3

I would like to find the pdf for the $n-1$ interarrival times $w$ of $n$ iid events from an exponential distribution of time constant $\tau$. Using the fact that the first event follows an exponential distribution of time constant $\tau/n$, and using memorylessness, I can show that the pdf for interarrival time $j$ is an exponential distribution of time constant $\tau/(n-j)$. In other words, for fixed $n$ and $j$, the distribution of waiting time $j$ follows an exponential distribution of time constant $\tau/(n-j)$ - I have simulated this and obtained consistent results.

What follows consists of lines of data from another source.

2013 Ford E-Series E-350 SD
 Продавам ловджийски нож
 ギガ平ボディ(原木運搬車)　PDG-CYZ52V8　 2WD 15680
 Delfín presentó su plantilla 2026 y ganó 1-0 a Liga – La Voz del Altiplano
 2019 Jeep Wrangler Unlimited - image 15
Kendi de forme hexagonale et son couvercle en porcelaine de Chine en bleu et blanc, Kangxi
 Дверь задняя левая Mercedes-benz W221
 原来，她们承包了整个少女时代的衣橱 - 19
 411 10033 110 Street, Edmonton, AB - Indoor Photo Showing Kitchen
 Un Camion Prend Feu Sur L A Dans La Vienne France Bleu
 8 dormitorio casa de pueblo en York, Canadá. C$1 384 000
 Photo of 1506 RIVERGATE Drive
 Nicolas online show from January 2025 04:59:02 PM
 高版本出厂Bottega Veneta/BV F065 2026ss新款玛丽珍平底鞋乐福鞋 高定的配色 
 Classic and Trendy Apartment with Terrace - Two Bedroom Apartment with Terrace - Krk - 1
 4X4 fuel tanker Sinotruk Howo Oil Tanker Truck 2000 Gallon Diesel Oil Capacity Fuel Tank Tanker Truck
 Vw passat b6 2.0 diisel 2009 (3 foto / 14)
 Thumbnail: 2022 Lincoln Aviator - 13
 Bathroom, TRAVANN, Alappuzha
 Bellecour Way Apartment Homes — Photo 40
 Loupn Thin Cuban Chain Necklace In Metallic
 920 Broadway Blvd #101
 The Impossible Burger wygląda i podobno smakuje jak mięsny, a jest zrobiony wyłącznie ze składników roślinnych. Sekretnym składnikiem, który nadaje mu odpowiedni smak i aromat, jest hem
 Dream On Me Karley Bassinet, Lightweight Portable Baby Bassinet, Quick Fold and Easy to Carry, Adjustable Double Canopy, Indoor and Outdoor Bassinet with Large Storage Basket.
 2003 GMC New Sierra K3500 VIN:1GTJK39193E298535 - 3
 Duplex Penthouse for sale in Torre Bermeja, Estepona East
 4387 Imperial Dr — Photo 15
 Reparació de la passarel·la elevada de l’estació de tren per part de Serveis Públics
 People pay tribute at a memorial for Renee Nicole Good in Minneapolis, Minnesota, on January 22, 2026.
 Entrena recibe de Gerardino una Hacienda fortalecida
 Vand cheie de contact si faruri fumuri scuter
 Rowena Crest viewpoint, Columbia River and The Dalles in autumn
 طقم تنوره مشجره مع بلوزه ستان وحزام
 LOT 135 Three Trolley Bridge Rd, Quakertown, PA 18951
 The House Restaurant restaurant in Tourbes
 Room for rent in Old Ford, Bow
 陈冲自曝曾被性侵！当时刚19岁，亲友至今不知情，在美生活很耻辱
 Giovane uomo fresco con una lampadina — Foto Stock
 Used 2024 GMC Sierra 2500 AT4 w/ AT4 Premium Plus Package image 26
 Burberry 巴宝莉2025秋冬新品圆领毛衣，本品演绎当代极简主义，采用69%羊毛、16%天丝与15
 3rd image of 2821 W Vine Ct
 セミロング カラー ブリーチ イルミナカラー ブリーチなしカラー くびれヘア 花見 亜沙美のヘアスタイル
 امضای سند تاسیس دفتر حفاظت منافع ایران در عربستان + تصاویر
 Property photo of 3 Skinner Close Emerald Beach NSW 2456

However, I don't see how to get to the overall distribution of the interarrival times. In other words, for fixed $n$, what is the pdf of the distribution of all of the $w_k$, regardless of $j$?

I would have thought the pdf of $w$ is just the average of the pdfs of $w_i$, in other words a linear combination of exponentials, but I have tried some simulations, and the result looks more like a single exponential.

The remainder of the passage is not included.